Review The Red Envelope, Kisah Supranatural yang Sarat Makna Sosial

Yurinda - Senin, 19 Mei 2025 10:16 WIB
Review The Red Envelope, Kisah Supranatural yang Sarat Makna Sosial

The Red Envelope merupakan film terbaru asal Thailand yang dirilis pada tahun 2025 dan langsung mencuri perhatian publik Asia. Disutradarai oleh Chayanop Boonprakob, film ini adalah adaptasi dari film Taiwan Marry My Dead Body (2022), tapi dengan pendekatan yang lebih lokal, menyentuh budaya, tradisi, dan dinamika sosial Thailand.

Film ini mengisahkan Menn, seorang mantan perampok yang kini menjadi mata-mata polisi dalam operasi pemberantasan narkoba. Saat sedang bertugas, ia secara tidak sengaja menemukan sebuah amplop merah, simbol dalam tradisi Tionghoa yang biasanya digunakan dalam ritual pernikahan arwah.

Amplop itu ternyata adalah “perjodohan spiritual” yang mengikatnya dalam pernikahan supranatural dengan roh seorang pria bernama Titi, yang meninggal akibat tabrak lari. Awalnya Menn mencoba menolak, tapi serangkaian kejadian buruk menimpanya.

Ia akhirnya menyerah dan menerima pernikahan tersebut, lalu dibimbing oleh Titi, sang arwah, untuk mengungkap misteri di balik kematiannya. Keduanya membentuk hubungan unik, diwarnai pertengkaran, candaan, dan kerja sama dalam menyelidiki kasus besar yang juga terkait dengan jaringan narkoba yang sedang diselidiki polisi.

Perpaduan Genre yang Segar

The Red Envelope menawarkan campuran genre yang jarang ditemukan dalam satu film: komedi, horor, misteri, dan drama sosial. Nuansa horor terasa lewat kehadiran arwah dan ritual pernikahan roh, tapi disajikan dengan nuansa komedi yang ringan dan menyentuh. Penonton diajak tertawa dengan interaksi kocak antara manusia dan hantu, sambil tetap merasa tegang karena latar kasus kriminal yang membayangi mereka.

Namun, yang membuat film ini istimewa adalah sentuhan dramanya yang membahas isu sosial dengan halus tapi kuat. Topik hubungan sesama jenis diangkat dengan cara yang manusiawi, bukan sekadar sebagai latar belakang karakter.

Menn digambarkan sebagai pria maskulin yang konservatif, sementara Titi adalah sosok yang feminin dan terbuka tentang orientasi seksualnya. Lewat dinamika mereka, film ini menyampaikan pesan tentang penerimaan, empati, dan pentingnya menghargai perbedaan.
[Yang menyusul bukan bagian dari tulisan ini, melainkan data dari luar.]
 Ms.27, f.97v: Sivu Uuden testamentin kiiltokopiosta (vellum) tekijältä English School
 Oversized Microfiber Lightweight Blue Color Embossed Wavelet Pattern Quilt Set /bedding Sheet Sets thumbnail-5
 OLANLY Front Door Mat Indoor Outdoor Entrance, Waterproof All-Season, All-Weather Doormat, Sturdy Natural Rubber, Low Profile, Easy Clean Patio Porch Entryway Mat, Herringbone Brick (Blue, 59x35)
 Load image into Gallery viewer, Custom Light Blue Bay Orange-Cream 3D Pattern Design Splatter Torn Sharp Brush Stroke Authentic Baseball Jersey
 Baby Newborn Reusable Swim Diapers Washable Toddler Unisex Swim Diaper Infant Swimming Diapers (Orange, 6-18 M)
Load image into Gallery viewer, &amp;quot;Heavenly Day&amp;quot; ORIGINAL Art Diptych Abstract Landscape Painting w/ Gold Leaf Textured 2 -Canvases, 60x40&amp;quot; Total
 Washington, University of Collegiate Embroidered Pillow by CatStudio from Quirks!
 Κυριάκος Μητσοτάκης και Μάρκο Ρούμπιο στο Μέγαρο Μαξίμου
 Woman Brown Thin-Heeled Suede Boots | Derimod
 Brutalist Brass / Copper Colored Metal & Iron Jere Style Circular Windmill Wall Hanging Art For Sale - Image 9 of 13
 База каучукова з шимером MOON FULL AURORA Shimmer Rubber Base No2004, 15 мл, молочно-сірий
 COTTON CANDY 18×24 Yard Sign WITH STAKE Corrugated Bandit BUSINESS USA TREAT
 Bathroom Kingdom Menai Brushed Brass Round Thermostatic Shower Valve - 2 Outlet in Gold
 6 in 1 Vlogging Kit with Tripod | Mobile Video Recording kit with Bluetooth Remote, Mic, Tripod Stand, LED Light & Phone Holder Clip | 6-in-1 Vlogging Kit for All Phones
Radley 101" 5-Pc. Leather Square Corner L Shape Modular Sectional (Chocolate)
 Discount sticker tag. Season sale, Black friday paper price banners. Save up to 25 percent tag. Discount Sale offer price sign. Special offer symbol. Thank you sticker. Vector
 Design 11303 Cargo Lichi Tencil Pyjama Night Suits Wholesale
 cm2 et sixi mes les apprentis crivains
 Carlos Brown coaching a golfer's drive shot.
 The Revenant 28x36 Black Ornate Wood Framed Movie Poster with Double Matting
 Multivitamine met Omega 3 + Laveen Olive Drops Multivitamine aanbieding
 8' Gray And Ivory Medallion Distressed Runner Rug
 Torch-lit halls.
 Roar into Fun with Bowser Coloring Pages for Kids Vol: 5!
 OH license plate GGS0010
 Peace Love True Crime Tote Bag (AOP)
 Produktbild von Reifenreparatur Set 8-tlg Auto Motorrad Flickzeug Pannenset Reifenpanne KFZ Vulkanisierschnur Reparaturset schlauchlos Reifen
Film ini sempat memicu kontroversi di Indonesia karena belum mendapat izin tayang dari Lembaga Sensor Film (LSF) pada awalnya. Special screening yang dijadwalkan pada 26 April 2025 dibatalkan. Namun, setelah dilakukan proses revisi, The Red Envelope akhirnya berhasil lolos sensor dan resmi tayang di Indonesia pada 14 Mei 2025 dengan rating 17+.

Reaksi penonton di Thailand sendiri sangat positif. Film ini mencetak pendapatan lebih dari 100 juta baht dan mendapat penghargaan Audience Choice Award di ajang 49th Hong Kong International Film Festival. Film ini juga mendapat rating tinggi, menandakan bahwa resonansi emosional dan nilai hiburannya diterima luas oleh penonton internasional.

The Red Envelope bukan sekadar film horor atau komedi. Ia adalah refleksi cerdas tentang masyarakat, kepercayaan, dan pentingnya keterbukaan terhadap perbedaan. Dengan naskah yang kuat, arahan sutradara yang cermat, dan kisah yang menyentuh, film ini layak disebut sebagai salah satu karya terbaik perfilman Thailand tahun ini.

Film ini tidak hanya menghibur, tetapi juga mengajak penonton berpikir, tentang cinta, kehidupan setelah kematian, dan makna keberagaman. Selamat menonton!